Actually, YES, just read the paper and write a script to do it. It must not be that hard, right.

Martin
I read the paper, not so easy (high computations). But feasible indeed.

Re: Can blender do this :D

Posted: Fri Jul 30, 2004 4:01 am
by Money_YaY!
theeth wrote:
Money_YaY! wrote:Yeah yeah I know, NO !.
Actually, YES, just read the paper and write a script to do it. It must not be that hard, right.

Martin
Ha ha I knew you would say that :D. Untill I see it I do not belive it.

Posted: Fri Jul 30, 2004 4:23 am
by mr_rob
Those chairs looks so realistic!

Posted: Sat Jul 31, 2004 3:04 pm
by macouno
It seems like mostly he gets it to render so quickly cause he uses opengl rendering no???

And we might get that in some way in the future ;)

Posted: Sun Aug 01, 2004 1:07 am
by Money_YaY!
macouno wrote:It seems like mostly he gets it to render so quickly cause he uses opengl rendering no???

And we might get that in some way in the future ;)
In the vid he says that their custon JAVA app uses OpenGL to render and do all of the work in 15 hours for all of the chairs comparied to 7 weeks of what it takes in a basic physics app like Havok.

As for OpenGL, OpenGL has so much new stuff that I see it replaceing basic software rendering but it is something that is not cross platform enough and requires a great happy 200$ Graphics card.

Anyone that has not watched to movie should it explains so much in it.

Posted: Sun Aug 01, 2004 6:00 pm
by IoN_PuLse
Money_YaY! wrote:As for OpenGL, OpenGL has so much new stuff that I see it replaceing basic software rendering but it is something that is not cross platform enough and requires a great happy 200$ Graphics card.
I must not be understanding your post, because OpenGL is cross platform (yes even the pixel shader stuff) and you can do pixel shaders with cards that are under $100 canadian easily, and they are becoming increasingly the defacto video card computers come with. (GFX 5200 in this instance)

Posted: Mon Aug 02, 2004 12:56 am
by Money_YaY!
IoN_PuLse wrote:
Money_YaY! wrote:As for OpenGL, OpenGL has so much new stuff that I see it replaceing basic software rendering but it is something that is not cross platform enough and requires a great happy 200$ Graphics card.
I must not be understanding your post, because OpenGL is cross platform (yes even the pixel shader stuff) and you can do pixel shaders with cards that are under $100 canadian easily, and they are becoming increasingly the defacto video card computers come with. (GFX 5200 in this instance)
Eh if the 100$ card does the job then so be it. It is just how to get the same code to render the same GL picture on every platform with out to many hacks that break the cross compatibility.

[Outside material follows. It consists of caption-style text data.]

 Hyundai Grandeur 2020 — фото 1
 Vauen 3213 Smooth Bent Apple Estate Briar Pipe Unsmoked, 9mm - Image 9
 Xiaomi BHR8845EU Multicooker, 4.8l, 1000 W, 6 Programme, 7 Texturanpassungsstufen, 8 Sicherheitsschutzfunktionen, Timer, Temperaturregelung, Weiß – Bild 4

Anyway, I would love to see Blender render fromthe CG card as testing out animation blocks would be so much faster, and rendering in gernral would be faster. I have seen raytraceing before on a CG card though still slow.

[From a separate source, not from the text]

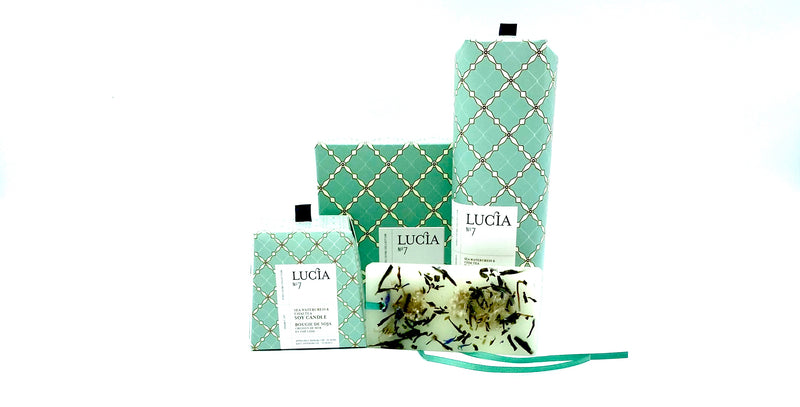 Lucia No 7 - Cresson de Mer et Thé Chai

Eh it just takes someone to try it now and to know how to do it. That is the difficult part.

Posted: Tue Aug 03, 2004 8:08 pm
by dcuny
There seems to be some confusion about what the video is about.

Drawing a gazillion chairs isn't what makes the video impressive. It's not especially difficult to do with any zBuffer renderer (which is what OpenGL is).

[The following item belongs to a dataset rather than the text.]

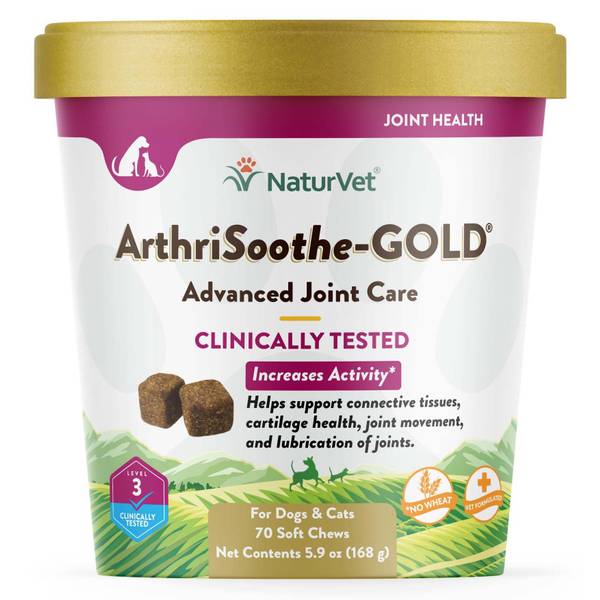 Photo of 70-Count ArthriSoothe-GOLD Level 3 MSM and Glucosamine Pet Chews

What is primarily being demonstrated is a collision system. That is, the computer is testing the objects to see if they collide with one another. You don't want to test every polygon in the scene with every other polygon in the scene. Not only is it computationally expensive, but it's a waste of effort - most polygons aren't going to be touching anything at all.

On the other hand, testing to see if spheres collide with each other is an easy operation. So spheres are often used as bounding areas around objects. The problem is that spheres don't fit objects very tightly. So if a sphere around an object collides with another object, that doesn't necessarily mean that the objects collide with each other. (On the other hand, if they don't collide, you're guaranteed that they don't touch).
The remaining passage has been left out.